A different sort of marvel animates “Kesii,” Lindsay’s sly, earthy closer. “I named this piece after a friend of mine who passed away this year at the age of 107,” she says. “The journey of life and the path it takes us on holds so much wonder and unexpected gifts.” The piece, she explains, is meant to evoke all the twists and turns a life can hold with a constantly changing series of moods, tones, and colors. “I took a 5/4 repeating clarinet phrase as a starting point, and let the music tell its own story,” Lindsay notes.

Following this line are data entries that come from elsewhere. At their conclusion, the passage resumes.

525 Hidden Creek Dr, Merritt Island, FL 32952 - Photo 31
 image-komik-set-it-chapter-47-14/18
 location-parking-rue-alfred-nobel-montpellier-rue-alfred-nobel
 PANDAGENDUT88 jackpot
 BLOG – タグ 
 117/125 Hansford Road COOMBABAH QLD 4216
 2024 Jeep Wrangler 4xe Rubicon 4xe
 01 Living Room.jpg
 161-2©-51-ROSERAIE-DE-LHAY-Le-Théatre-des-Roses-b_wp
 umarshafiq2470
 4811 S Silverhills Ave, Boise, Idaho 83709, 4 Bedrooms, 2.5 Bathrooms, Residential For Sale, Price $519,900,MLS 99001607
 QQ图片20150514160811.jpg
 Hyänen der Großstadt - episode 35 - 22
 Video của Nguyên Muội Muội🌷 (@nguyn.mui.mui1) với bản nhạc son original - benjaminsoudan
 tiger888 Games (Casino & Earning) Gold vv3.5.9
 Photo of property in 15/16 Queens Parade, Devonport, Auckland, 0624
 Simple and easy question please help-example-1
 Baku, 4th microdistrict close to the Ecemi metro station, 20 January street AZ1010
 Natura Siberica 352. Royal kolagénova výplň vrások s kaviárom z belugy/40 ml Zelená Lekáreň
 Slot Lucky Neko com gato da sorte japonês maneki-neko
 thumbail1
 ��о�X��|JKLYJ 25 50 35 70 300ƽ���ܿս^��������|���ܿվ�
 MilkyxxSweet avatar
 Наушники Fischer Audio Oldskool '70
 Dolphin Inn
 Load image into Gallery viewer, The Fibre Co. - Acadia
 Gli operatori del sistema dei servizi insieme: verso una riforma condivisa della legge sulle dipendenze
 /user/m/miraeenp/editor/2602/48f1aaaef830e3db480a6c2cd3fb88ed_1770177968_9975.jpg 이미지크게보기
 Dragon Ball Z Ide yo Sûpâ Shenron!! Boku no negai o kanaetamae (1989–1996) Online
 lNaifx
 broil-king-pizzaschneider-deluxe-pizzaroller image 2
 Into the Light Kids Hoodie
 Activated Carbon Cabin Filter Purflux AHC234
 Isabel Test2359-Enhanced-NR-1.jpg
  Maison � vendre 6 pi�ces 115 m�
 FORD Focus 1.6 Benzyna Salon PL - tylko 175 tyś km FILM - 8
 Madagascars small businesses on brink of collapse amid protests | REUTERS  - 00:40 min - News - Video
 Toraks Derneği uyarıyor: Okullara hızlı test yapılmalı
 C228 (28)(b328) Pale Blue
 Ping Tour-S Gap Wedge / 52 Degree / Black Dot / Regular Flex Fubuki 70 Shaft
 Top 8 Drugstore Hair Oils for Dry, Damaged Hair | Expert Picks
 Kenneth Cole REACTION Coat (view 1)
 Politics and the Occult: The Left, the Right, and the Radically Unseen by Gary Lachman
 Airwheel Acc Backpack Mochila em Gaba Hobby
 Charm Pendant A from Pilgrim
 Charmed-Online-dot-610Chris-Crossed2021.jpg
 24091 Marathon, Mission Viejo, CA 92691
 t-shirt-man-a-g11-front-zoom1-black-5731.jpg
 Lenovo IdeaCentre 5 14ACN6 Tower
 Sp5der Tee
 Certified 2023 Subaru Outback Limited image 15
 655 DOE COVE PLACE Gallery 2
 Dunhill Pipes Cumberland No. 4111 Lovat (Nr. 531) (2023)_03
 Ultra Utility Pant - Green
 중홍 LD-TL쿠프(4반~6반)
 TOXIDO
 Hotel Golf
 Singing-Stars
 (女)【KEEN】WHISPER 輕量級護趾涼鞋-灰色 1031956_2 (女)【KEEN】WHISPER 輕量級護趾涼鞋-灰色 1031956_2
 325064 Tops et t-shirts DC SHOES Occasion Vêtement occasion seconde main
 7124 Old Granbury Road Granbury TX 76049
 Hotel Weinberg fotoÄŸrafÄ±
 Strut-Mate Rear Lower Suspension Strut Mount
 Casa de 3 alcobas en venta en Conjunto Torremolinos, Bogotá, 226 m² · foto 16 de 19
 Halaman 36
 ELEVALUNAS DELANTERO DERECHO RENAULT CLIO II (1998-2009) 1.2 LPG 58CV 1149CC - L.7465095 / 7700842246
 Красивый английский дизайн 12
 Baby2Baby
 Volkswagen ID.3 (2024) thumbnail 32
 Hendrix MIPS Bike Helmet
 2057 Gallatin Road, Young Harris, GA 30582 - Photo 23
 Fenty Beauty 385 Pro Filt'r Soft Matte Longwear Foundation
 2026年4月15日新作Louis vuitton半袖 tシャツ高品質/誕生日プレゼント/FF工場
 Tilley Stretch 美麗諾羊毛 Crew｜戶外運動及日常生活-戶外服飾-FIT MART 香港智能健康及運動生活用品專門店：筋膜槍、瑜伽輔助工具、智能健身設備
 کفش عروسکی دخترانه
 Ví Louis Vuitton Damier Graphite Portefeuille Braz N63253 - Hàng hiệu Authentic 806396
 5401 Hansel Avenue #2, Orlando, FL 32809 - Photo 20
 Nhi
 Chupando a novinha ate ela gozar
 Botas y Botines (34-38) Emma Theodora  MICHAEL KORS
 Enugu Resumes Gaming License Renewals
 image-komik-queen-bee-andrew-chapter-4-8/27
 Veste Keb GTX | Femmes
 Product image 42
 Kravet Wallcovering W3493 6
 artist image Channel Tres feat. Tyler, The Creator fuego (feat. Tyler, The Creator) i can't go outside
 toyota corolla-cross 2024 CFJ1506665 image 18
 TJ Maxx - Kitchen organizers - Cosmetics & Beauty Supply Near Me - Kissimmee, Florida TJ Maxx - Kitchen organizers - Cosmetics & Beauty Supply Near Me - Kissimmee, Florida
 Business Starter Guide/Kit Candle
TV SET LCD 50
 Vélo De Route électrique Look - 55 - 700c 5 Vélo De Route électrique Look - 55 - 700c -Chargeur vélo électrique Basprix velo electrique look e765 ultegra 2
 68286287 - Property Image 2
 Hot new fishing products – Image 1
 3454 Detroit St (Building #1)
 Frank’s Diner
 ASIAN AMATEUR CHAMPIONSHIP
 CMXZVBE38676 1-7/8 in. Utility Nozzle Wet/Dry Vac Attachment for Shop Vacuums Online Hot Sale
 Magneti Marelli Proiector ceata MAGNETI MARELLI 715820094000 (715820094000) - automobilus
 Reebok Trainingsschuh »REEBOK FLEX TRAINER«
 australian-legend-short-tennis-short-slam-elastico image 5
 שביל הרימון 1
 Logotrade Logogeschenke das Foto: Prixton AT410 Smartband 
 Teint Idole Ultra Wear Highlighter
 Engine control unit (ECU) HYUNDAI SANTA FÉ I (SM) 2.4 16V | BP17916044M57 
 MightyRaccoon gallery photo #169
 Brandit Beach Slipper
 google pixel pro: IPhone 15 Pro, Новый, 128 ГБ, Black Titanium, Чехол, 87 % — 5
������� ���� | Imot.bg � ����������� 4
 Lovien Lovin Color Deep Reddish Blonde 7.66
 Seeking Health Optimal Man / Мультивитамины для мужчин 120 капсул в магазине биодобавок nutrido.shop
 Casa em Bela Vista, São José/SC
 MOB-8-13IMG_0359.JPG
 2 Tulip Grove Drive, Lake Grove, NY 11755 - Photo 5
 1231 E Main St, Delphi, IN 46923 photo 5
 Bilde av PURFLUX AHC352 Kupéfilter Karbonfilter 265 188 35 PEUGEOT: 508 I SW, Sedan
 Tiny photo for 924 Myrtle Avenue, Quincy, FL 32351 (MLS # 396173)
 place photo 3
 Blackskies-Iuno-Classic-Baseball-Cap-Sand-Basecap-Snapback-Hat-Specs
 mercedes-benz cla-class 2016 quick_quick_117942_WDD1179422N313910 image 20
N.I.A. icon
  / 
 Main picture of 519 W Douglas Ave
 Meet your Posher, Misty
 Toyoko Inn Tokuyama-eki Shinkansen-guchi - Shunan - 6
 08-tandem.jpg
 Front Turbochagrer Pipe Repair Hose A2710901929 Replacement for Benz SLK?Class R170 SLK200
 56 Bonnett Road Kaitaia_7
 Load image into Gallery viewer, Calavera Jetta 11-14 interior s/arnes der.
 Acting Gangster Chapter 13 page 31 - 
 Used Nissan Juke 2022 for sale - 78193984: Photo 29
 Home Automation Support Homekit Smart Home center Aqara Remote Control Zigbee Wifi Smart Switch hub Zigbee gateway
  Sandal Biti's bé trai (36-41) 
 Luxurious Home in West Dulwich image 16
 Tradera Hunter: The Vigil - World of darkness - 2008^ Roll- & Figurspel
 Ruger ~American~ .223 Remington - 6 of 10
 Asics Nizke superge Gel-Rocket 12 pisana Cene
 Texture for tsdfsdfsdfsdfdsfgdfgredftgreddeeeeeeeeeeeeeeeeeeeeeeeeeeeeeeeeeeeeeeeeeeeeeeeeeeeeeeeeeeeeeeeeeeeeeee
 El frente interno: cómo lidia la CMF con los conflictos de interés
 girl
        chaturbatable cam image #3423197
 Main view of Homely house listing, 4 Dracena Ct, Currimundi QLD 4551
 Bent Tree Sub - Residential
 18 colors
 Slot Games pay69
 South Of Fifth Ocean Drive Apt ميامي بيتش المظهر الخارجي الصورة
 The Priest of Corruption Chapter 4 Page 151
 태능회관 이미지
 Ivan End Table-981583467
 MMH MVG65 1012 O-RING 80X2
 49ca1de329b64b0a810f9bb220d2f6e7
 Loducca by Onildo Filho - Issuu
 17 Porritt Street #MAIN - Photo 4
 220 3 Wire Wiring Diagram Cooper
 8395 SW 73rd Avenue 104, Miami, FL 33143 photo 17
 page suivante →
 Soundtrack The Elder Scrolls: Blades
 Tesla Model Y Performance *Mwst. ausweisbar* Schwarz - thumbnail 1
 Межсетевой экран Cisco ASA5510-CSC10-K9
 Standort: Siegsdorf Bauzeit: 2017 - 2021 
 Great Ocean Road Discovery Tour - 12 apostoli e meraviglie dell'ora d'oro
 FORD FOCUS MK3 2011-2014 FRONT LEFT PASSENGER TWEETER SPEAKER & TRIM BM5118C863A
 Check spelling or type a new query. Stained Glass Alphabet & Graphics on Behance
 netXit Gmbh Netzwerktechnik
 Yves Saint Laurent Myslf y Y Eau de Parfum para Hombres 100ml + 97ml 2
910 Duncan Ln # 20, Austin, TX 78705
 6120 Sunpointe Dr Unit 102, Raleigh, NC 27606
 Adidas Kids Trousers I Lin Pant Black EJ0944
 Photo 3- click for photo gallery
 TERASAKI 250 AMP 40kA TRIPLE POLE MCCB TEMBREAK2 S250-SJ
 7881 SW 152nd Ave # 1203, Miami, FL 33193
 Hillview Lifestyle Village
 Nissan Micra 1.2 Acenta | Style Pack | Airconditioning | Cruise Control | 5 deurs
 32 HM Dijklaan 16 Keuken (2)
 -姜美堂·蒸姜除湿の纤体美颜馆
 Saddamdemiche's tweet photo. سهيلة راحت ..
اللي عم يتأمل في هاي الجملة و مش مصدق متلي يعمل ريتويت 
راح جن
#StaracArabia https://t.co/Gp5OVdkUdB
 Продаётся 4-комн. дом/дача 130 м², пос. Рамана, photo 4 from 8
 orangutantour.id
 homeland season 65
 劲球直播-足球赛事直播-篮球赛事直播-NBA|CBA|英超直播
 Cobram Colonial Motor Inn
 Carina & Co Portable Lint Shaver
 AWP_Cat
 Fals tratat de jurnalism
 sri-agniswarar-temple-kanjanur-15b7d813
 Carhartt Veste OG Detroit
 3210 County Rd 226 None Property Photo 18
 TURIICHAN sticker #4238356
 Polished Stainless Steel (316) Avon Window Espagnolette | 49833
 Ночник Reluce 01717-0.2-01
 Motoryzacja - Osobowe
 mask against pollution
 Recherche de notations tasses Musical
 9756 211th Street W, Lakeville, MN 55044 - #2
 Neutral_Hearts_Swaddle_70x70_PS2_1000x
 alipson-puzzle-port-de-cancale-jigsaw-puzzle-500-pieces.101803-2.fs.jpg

Each of these five compositions tells a story worth hearing. Together, they serve to remind the listener that, for all of its unanimity of spirit and intent, Alchemy Sound Project showcases five compelling individuals, each with their own powerful creative vision. The genuine magic in the band’s work is that artists so individually strong and distinctive can fold themselves into one another’s visions so completely and sympathetically. The result is alchemy at its finest.